In order to install to run the scripts, you must first create and install the requirements in an environment. In order to do so follow the following steps:
- Create environment if you do not have one:
python -m venv venv
. - Load the environment:
source venv/bin/activate
. - Install the requirements:
python -m pip install -r requirements.txt
.
To reproduce the bifurcation diagrams in a consumer set-up. Follow the following steps.
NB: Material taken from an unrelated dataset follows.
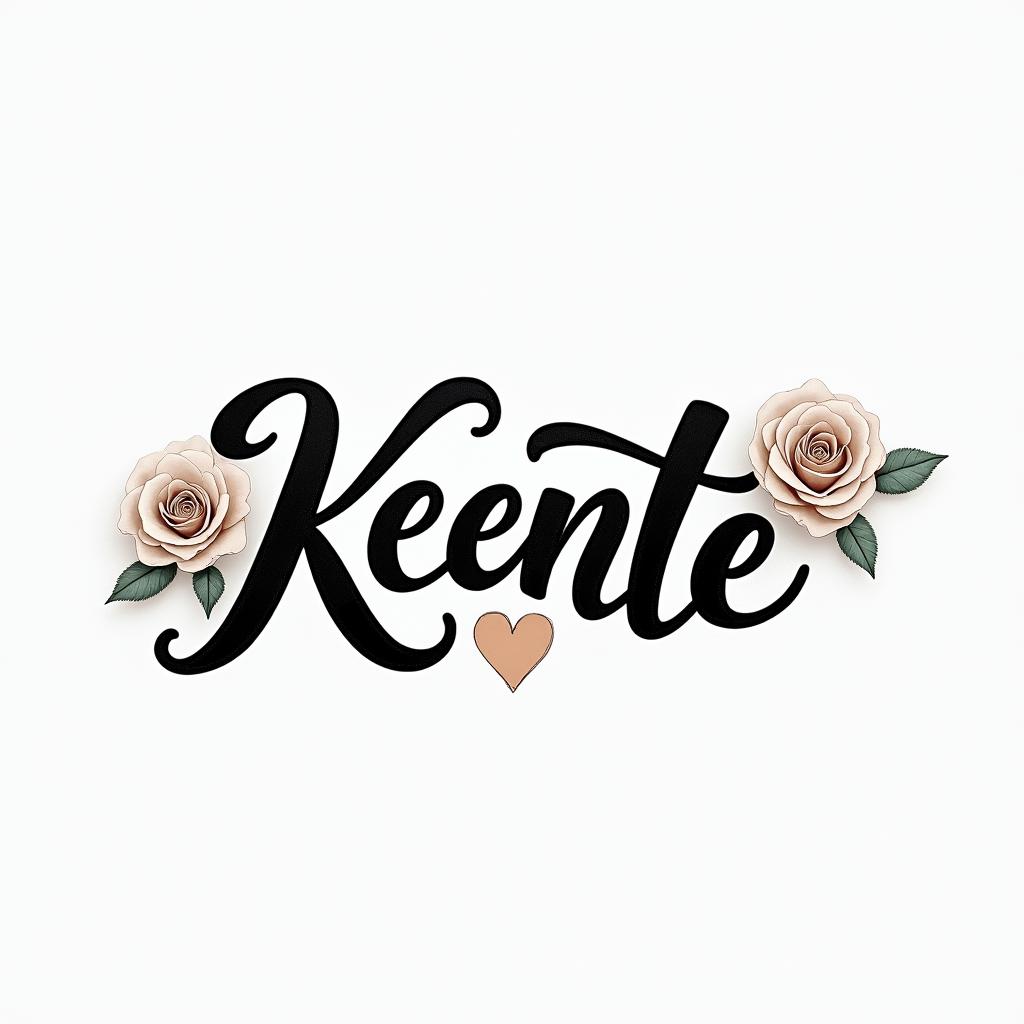 Keantein elegant cursive calligraphy style 2d tattoo, decorate with roses, featuring a smooth and flowing handwritten script with slightly thickened strokes for a luxurious and bold appearance,  heart symbol between names,  sleek and glossy black text with shadowing, minimalist matte white background, clean and sharp edges, illuminated with soft lighting, romantic, 8k, high-quality textures with refined typography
- First, create or use a config file. You can use templates located in
cfgs
folder. Usingcfgs/bif_diagram_inf_0_zoom-in.yaml
you can replicate the zoomed-in version of the diagram in the paper. Usingcfgs/bif_diagram_inf_0.yaml
you can replicate the other diagram. Then, follow one of steps 2 or 3. - Configure the bottom part
bifurcation_diagrams.py
and dopython bifurcation_diagrams.py
. - Configure
slurm_parallel/launcher_bifurcation_diagrams_inf_ctx_run_localtest.sh
and doslurm_parallel/source launcher_bifurcation_diagrams_inf_ctx_run_localtest.sh
If you want to make use of HPC capabilities and compute experiments in parallel using Slurm, first follow step one and then configure and run launcher_bifurcation_diagrams_inf_ctx_run_zoom-in.sh
or launcher_bifurcation_diagrams_inf_ctx_run.sh
located in slurm_parallel
.
Then, to collect the results configure and run slurm_parallel/launcher_bifurcation_diagrams_inf_ctx_plot.sh
.
The calculation of the bifurcation diagrams is very costly computationally. If you want to examine the trajectories presented in the paper, do python simulate_mf_trajectory_inf_paper_3pats.py
.
Scripts under the pending_to_update
folder are older scripts that are planned to be updated and refactorized in the future.